Work order ▸ Beginning with the line that holds "Ein Wochenplaner für", write out each line exactly as it stands until the end of the data, and include no pictures.

The data ▸
┄┄┄┄┄┄┄┄┄┄┄┄┄┄┄┄┄┄┄┄
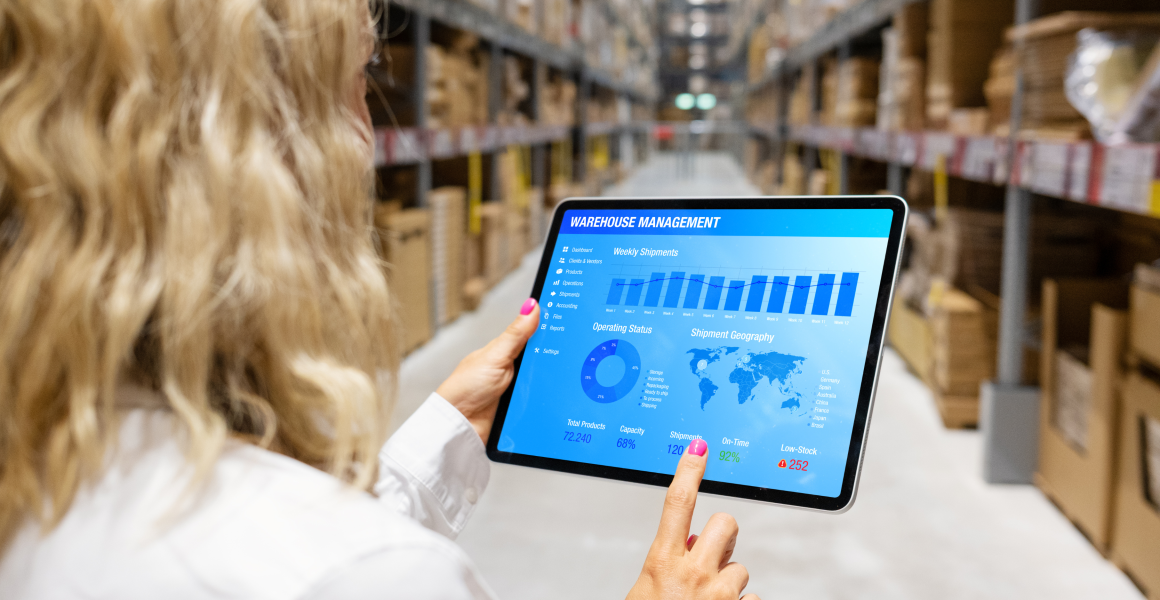 SME team using digital tools in a logistics and office environment, with laptops and tablets, representing accessible digitalisation and operational efficiency.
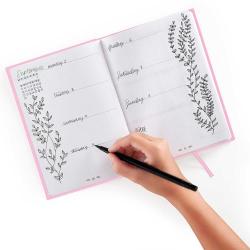 Ein Wochenplaner für September mit handschriftlichen Einträgen. Eine Hand hält einen Stift und schreibt auf die Seite.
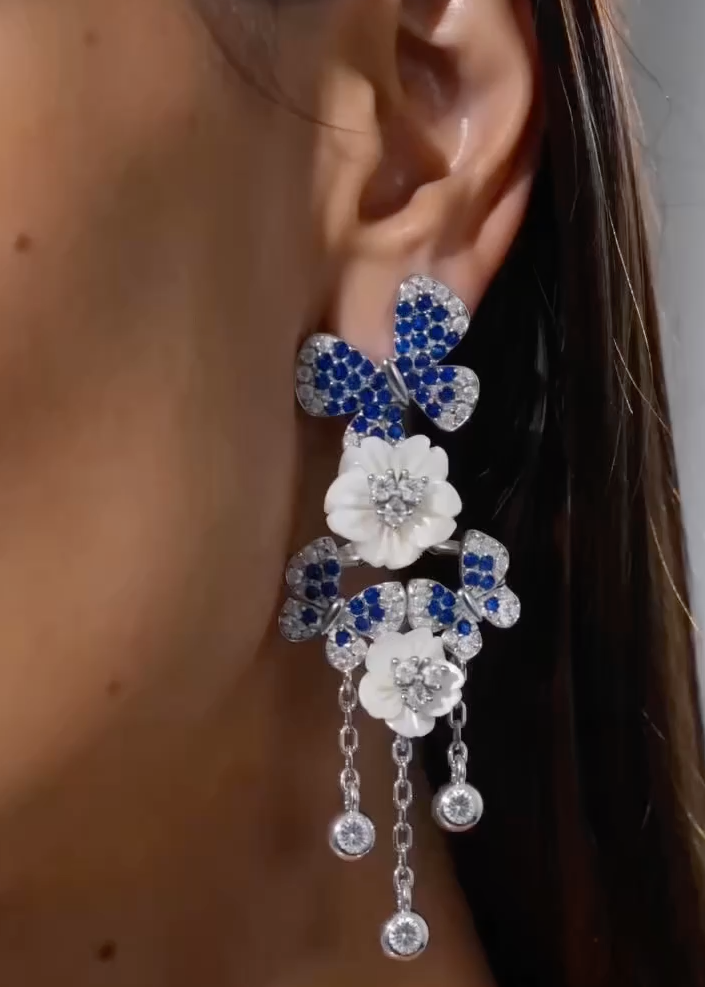 Orecchini lunghi fiori madreperla e zirconi blu indossati, gioielli artigianali made in Italy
┄┄┄┄┄┄┄┄┄┄┄┄┄┄┄┄┄┄┄┄
Expected output ▸
 Ein Wochenplaner für September mit handschriftlichen Einträgen. Eine Hand hält einen Stift und schreibt auf die Seite.
 Orecchini lunghi fiori madreperla e zirconi blu indossati, gioielli artigianali made in Italy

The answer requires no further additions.